Getting to work one morning to hear a colleague had come off his bike on the way in. After being hit by a car, his first thought wasn’t that he might be hurt, but that he was going to get fired for being late.
Realising people I respected were aiming for a big flat in a posh area, rather than a feeling of community.
Being told, when I quit a volunteering role at a Major Art Institution, that ‘if you love this work enough you’ll do it for free’.
Telling jobs that I could no longer afford to stay in London and would be leaving - them responding by asking for the design files that would allow them to continue my work without me.
That one job where the cleaners, gallery staff, and zero hour contracted workers ate in the windowless basement, and the (all white) learning team ate in the swish library.
On a lockdown walk I told my housemate that I was thinking of leaving London.

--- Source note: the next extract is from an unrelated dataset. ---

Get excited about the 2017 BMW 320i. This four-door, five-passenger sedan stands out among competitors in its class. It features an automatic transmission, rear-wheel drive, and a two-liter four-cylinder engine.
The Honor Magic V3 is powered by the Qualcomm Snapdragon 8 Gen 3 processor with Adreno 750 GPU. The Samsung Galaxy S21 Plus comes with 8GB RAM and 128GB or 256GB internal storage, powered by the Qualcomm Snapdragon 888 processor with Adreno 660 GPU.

I was starting to feel like I was always the ridesmaid (workshop assistant) and never the bride (artist) and I couldn’t see a future in London where that would change. She surprised me by telling me that it made total sense; she’d watched over the years as I’d repeatedly climbed the same ladder and gotten pushed off of each rung.
I started tentatively applying to remote commissions in the North West and was bowled over by nice responses (even when I wasn’t successful, they responded!!!), interest and opportunity. So while I’d like to say my move to the north was a salt of the earth move to return to my roots, the reality is that there wasn’t room for the work that I wanted to do in London, but there was elsewhere. I was a big fish in a big pond, now I’m a big fish in a different big pond where the water suits me better.

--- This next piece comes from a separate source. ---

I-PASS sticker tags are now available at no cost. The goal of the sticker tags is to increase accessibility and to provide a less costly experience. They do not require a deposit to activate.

What to take from this? There are times when you take stuff in and there are times when you put stuff out. There are times when you read, watch films, go to exhibitions, talk to people, listen to people, go to workshops, research. And there are other times where you make. When I look back at the time I spent in London, it was taking-stuff-in time, learning about big organisations by standing around in exhibitions, reading books from the staff library, watching films recommended by friends with different references, going to gigs of bands I’d never heard of. But I couldn’t put stuff out at the same time - my brain was too full! I was exhausted!!! I can’t do both at the same time and I don’t want to. Consume/produce sounds grim, but your consumption can be staring at a wall and your production can be making a sandwich. These things don’t have to be grand, but it’s really hard for me to make the sandwich and eat it at the same time.

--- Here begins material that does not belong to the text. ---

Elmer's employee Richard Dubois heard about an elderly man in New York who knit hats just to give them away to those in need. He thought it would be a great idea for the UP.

On the other hand, the master’s tools won’t dismantle the master’s house, and I am enamoured by the people that know this. I love artists who unashamedly don’t give a shit about London because they’re interested in doing things slowly, or they make work about regional dialects in Wales, or they want to start a food co-op in their hometown.
I think major cities are like anything that some people talk about too much - If you don’t want to watch Twin Peaks, that’s totally fine. It may help if you have an answer to why you haven’t watched it that helps you to change the topic of conversation (ie. I haven’t watched Twin Peaks because I’m actually very busy trying to consume all of WitchTok). But if you keep thinking about Twin Peaks and feeling guilty for not having watched it, maybe you should just give it a bloody go. Season two is a slog that may or may not be worth it.